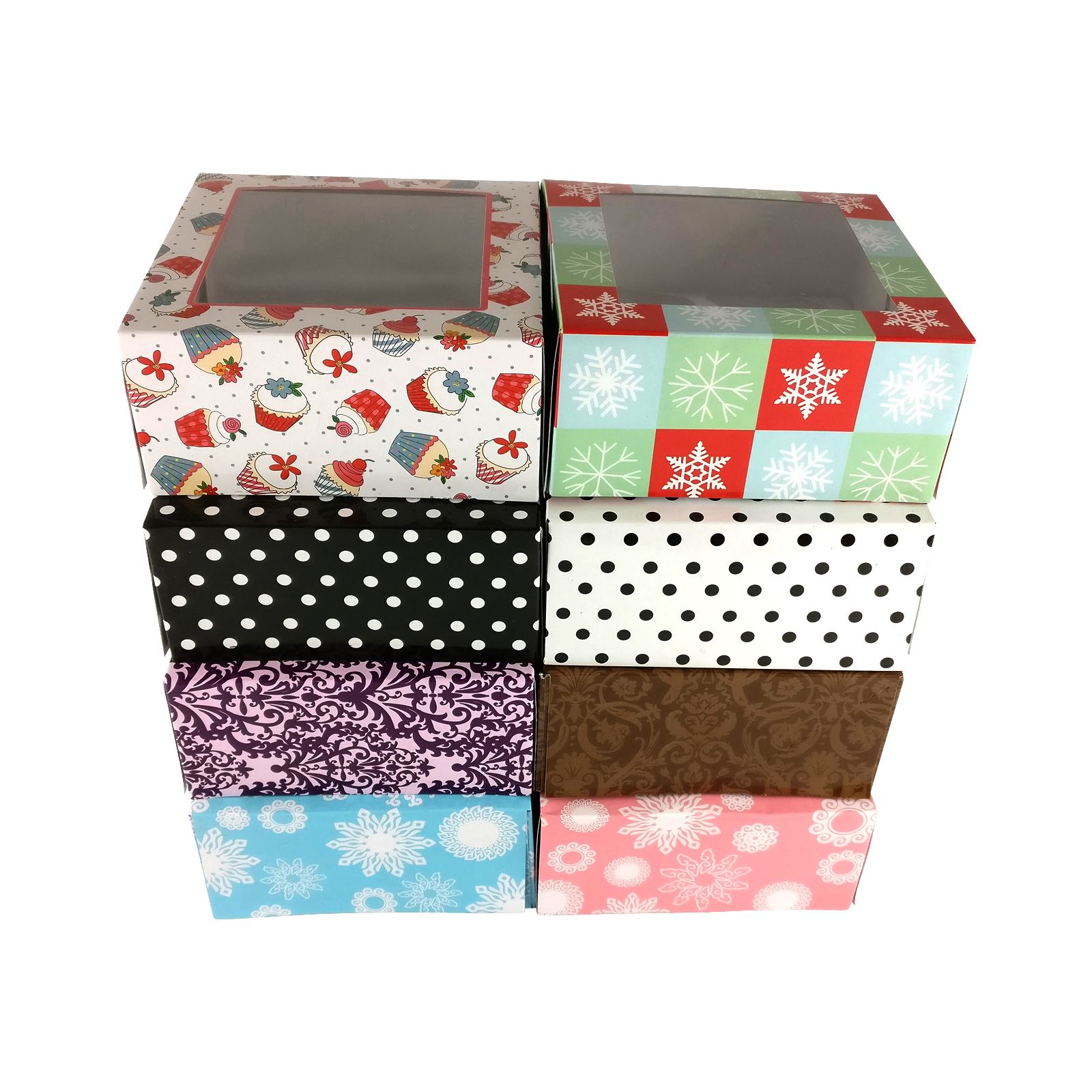 Cupcakes,12 Boxes 4 Hole Gift Box Craft Xmas Wedding Cake Funky Printed Cupcake Boxes Cupcakes,12 Boxes 4 Hole Gift Box Craft Xmas Wedding Cake Funky Printed Cupcake Boxes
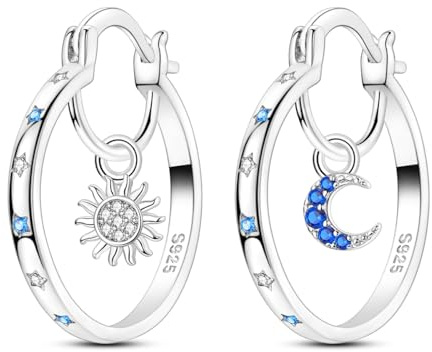 Parmuz 925 Sterling Silver Earrings Large Big Hoop Earrings Star Moon Butterfly Twisted Cubic Zirconia Thin Round Hoops for Women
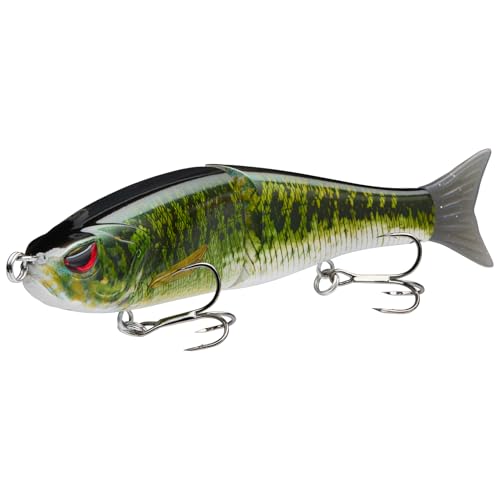 Bassdash SwimShad Glide Baits Jointed Swimbait Bass Pike Salmon Trout Muskie Fishing Lure,3-Pack - color: Largemouth Bass +Blue Mackerel +Yellow Mackerel, size: 4.5in/0.65oz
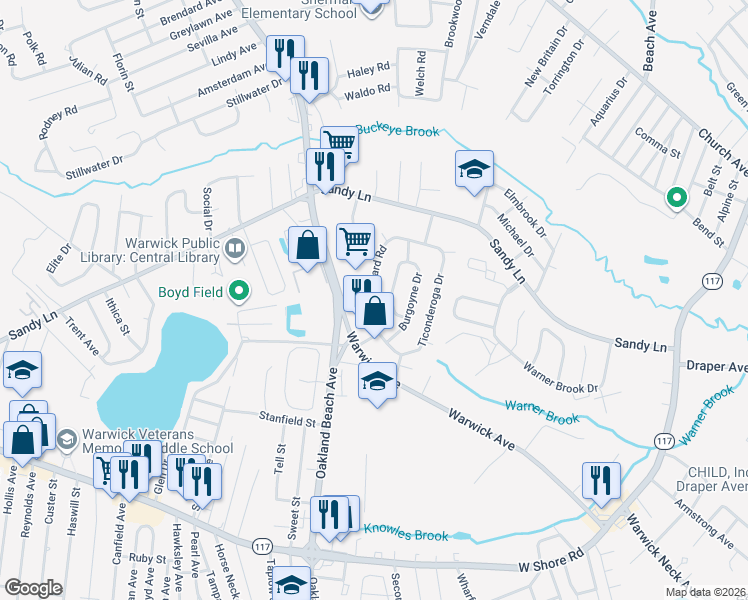 map of restaurants, bars, coffee shops, grocery stores, and more near 256 Vineyard Road in Warwick
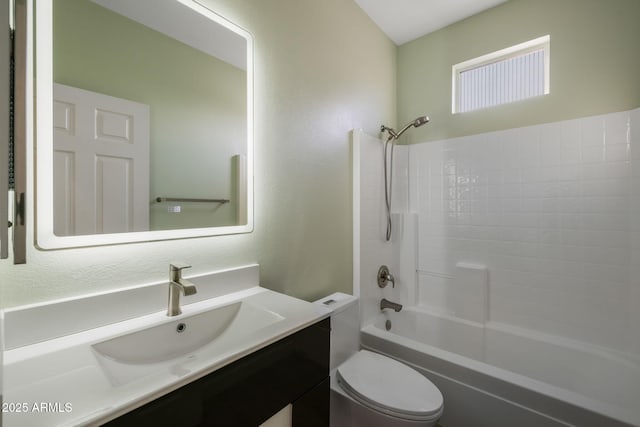 full bathroom featuring vanity, toilet, and bathtub / shower combination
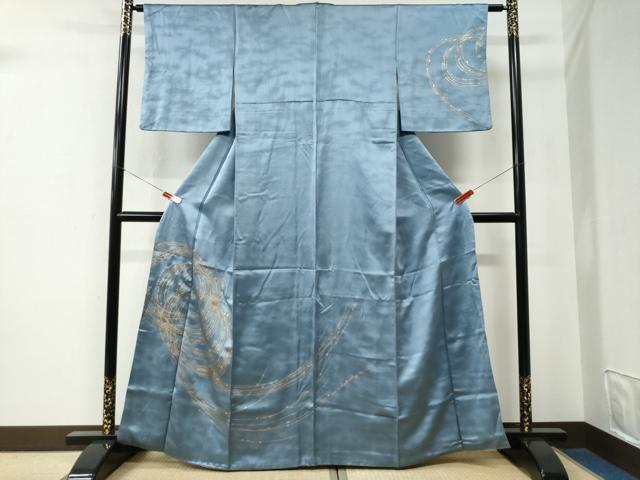 平和屋着物●訪問着　駒刺繍　舞葉文　金彩　三越扱い　正絹　逸品　CABE2707yc 平和屋着物○訪問着 駒刺繍 舞葉文 金彩 三越扱い 正絹 逸品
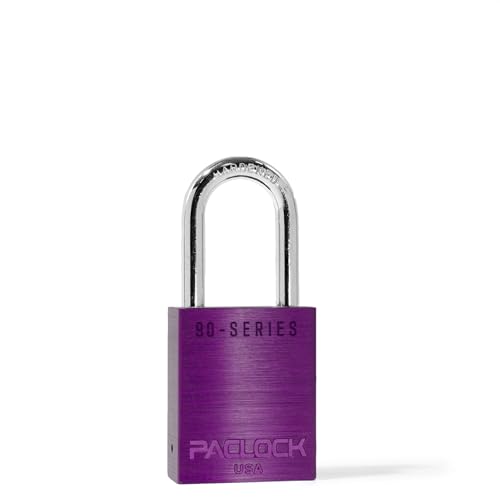Image of PACLOCK's SR-90A Padlock, 1-1 /2 inch Tall Hardened Steel Shackle, High Performance 6-Pin Cylinder, Keyed Differently w / 2 Keys, Purple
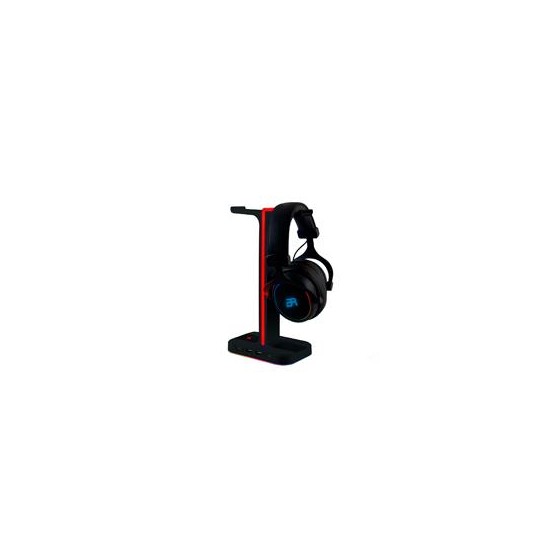 BASE GAMER BALAM RUSH ATLAS HR760 / SOPORTE PARA DIADEMA / ILUMINACION RGB / 2X USB A / NEGRO / BR-931502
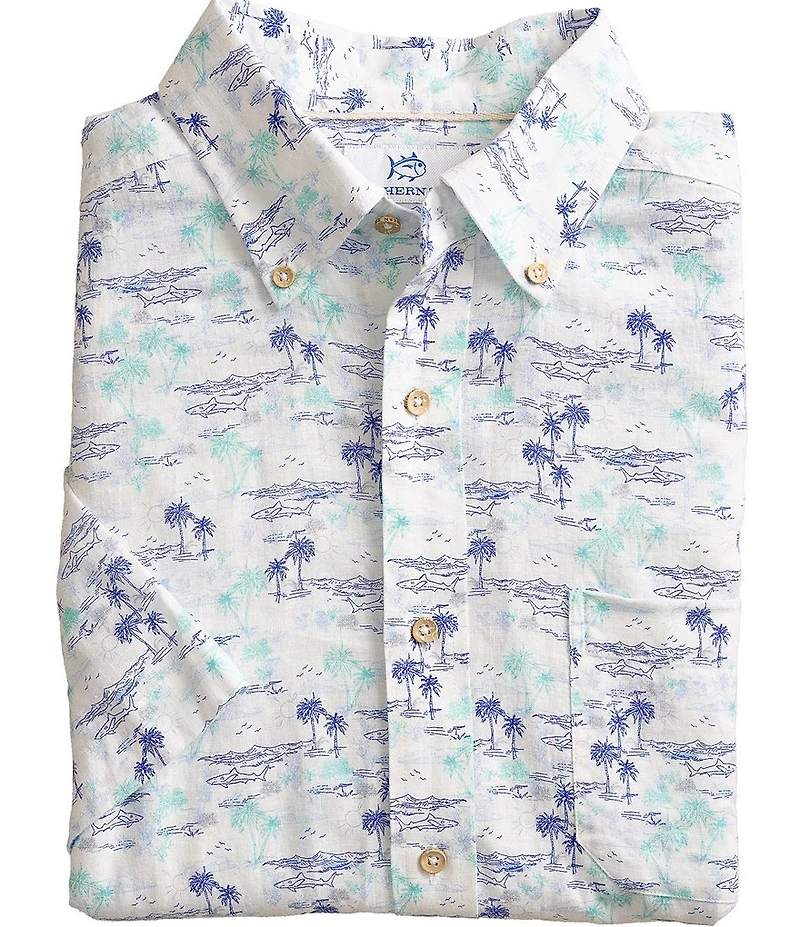 Southern Tide Ocean Getaway Short Sleeve Woven Shirt
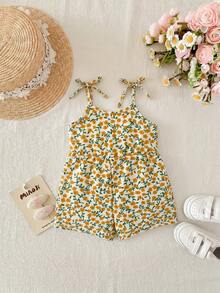 SHEIN Newborn Baby Girl Cute Summer Casual Ditsy Floral Spaghetti Strap Romper - Multicolor - View 5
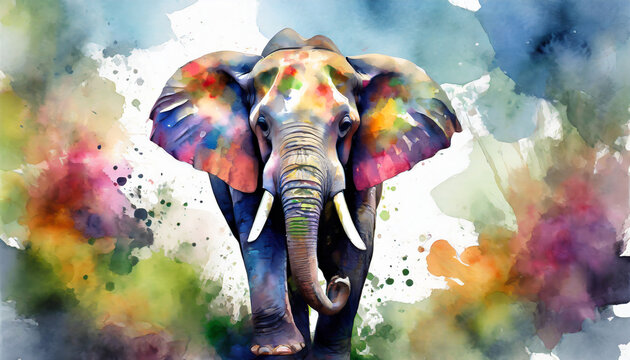watercolor colorful elephant painting realistic wild animal illustration created with generative ai technology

□ □ □ □ □

Find the line containing "map of restaurants, bars, coffee", then extract it and every line after it to the end of the data above, exactly and nothing else, without pictures.

(Your response):
 map of restaurants, bars, coffee shops, grocery stores, and more near 256 Vineyard Road in Warwick
 full bathroom featuring vanity, toilet, and bathtub / shower combination
 平和屋着物●訪問着　駒刺繍　舞葉文　金彩　三越扱い　正絹　逸品　CABE2707yc 平和屋着物○訪問着 駒刺繍 舞葉文 金彩 三越扱い 正絹 逸品
Image of PACLOCK's SR-90A Padlock, 1-1 /2 inch Tall Hardened Steel Shackle, High Performance 6-Pin Cylinder, Keyed Differently w / 2 Keys, Purple
 BASE GAMER BALAM RUSH ATLAS HR760 / SOPORTE PARA DIADEMA / ILUMINACION RGB / 2X USB A / NEGRO / BR-931502
 Southern Tide Ocean Getaway Short Sleeve Woven Shirt
 SHEIN Newborn Baby Girl Cute Summer Casual Ditsy Floral Spaghetti Strap Romper - Multicolor - View 5
watercolor colorful elephant painting realistic wild animal illustration created with generative ai technology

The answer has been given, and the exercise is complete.